‘Social-Shopping Study’ Defines New Breed of Shopper – the ‘Social Researcher’

November 12, 2007

This article is included in these additional categories:

Retail & E-Commerce

A new breed of online shopper – the “Social Researcher,” who places increased significant emphasis on peer feedback in product reviews when making purchasing decisions – is the focus of a recently completed study by the e-tailing group.

The “Social Shopping Study 2007,” commissioned by PowerReviews, surveyed 1,200 consumers who shop online at least four times per year, spending $500 or more annually.

The study sought (1) to understand how online shoppers use reviews to make informed buying decisions, and (2) to explore consumers’ preferences and interests in “Social Navigation” – or the ability to narrow product selections based on reviews from like-minded people with similar interests.

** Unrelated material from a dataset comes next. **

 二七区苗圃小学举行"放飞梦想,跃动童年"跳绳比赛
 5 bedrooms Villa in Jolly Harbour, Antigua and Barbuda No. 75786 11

Some 70% of all online shoppers said customer reviews and ratings on a retailer’s website were extremely or very important when they are selecting and purchasing products, followed by 62% citing a top-rated products list (as rated by customers):

powerreviews-product-review-importance-of-customer-provided-content.jpg

Among the respondents, 65% were identified as Social Researchers – consumers who actively (always or most of the time) seek out and read customer reviews prior to making a purchase decision:

powerreviews-product-reviews-heavily-relied-on.jpg

Social Researchers were found to engage in the use of reviews across all behavioral areas at a rate 20% higher than average online shoppers:

  • 86% of Social Researchers find customer reviews extremely or very important, vs. 70% of all online shoppers.
  • 76% of Social Researchers find “top rated product” lists to be extremely or very important, vs. 62% of all online shoppers.
  • 64% of Social Researchers research products online more than half the time, no matter where they buy the product (store, web, catalog, etc.)

How online shoppers, particularly Social Researchers, perceive Social Navigation was also examined.

  • Some 82% of Social Researchers (vs. 75% of all online shoppers) found reading reviews better than researching a product in-store with a knowledgeable sales associate.
  • 76% of Social Researchers (vs. 69% of all online shoppers) are more likely to shop on a retailer’s website - vs. its competitor site – if it offers social navigation.
  • 75% of Social Researches (vs. 64% of all online shoppers) found it extremely or very helpful to narrow product selection based on feedback from people like them (with similar interests).